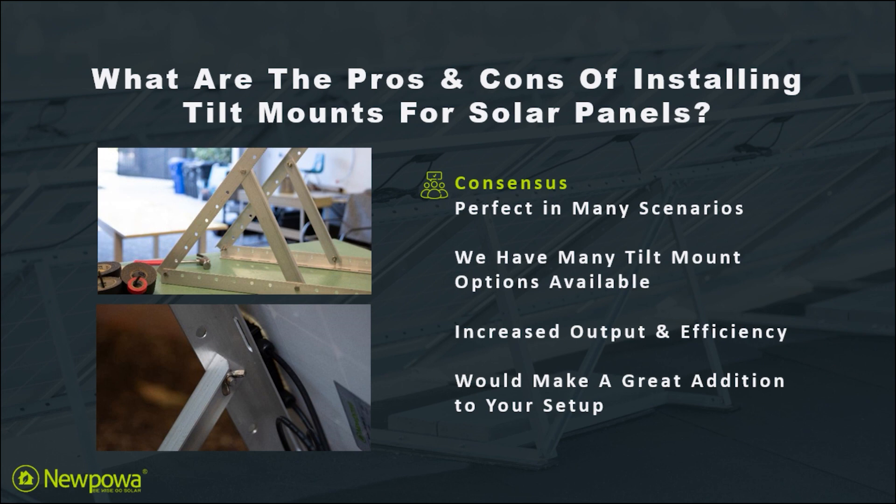When we compare the pros against the cons, we see that tilt mounts are frankly a no-brainer. Of course this does come down to your needs and your application of choice, but we believe that solar panel tilt mounts will make a great addition to your solar panel setup.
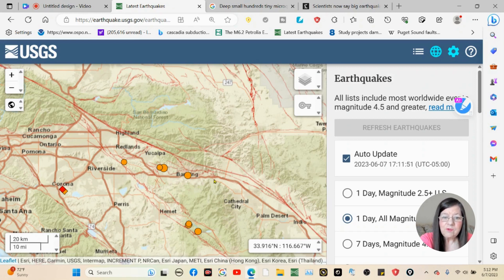They thought that this area was only moving at 14 millimeters per year. They found that it goes anywhere between 26 and 35 millimeters per year. They think they've centered in on about 22 millimeters.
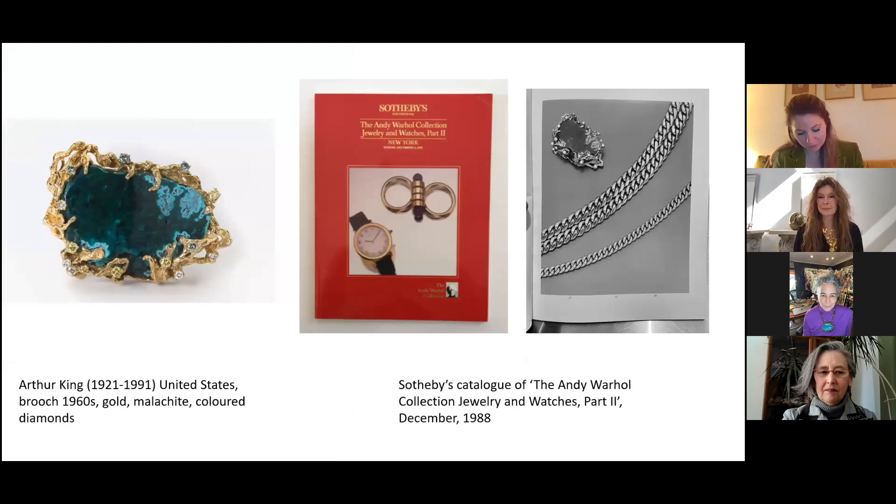Before we go to Lisa, I'd like Kimberly to share the story about this brooch by Arthur King — a discovery she made just after sending the jewelry to the museum. Arthur King is a huge favorite of mine. He worked predominantly in New York but had shops in Miami Beach, Cuba, and Fortnum & Mason in London, selling from the late fifties through the seventies and early eighties.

::::::::::

**TASK TO CARRY OUT**.
Print the material again, unchanged, without its pictures.

**ANSWER BELOW**.
When we compare the pros against the cons, we see that tilt mounts are frankly a no-brainer. Of course this does come down to your needs and your application of choice, but we believe that solar panel tilt mounts will make a great addition to your solar panel setup.
They thought that this area was only moving at 14 millimeters per year. They found that it goes anywhere between 26 and 35 millimeters per year. They think they've centered in on about 22 millimeters.
Before we go to Lisa, I'd like Kimberly to share the story about this brooch by Arthur King — a discovery she made just after sending the jewelry to the museum. Arthur King is a huge favorite of mine. He worked predominantly in New York but had shops in Miami Beach, Cuba, and Fortnum & Mason in London, selling from the late fifties through the seventies and early eighties.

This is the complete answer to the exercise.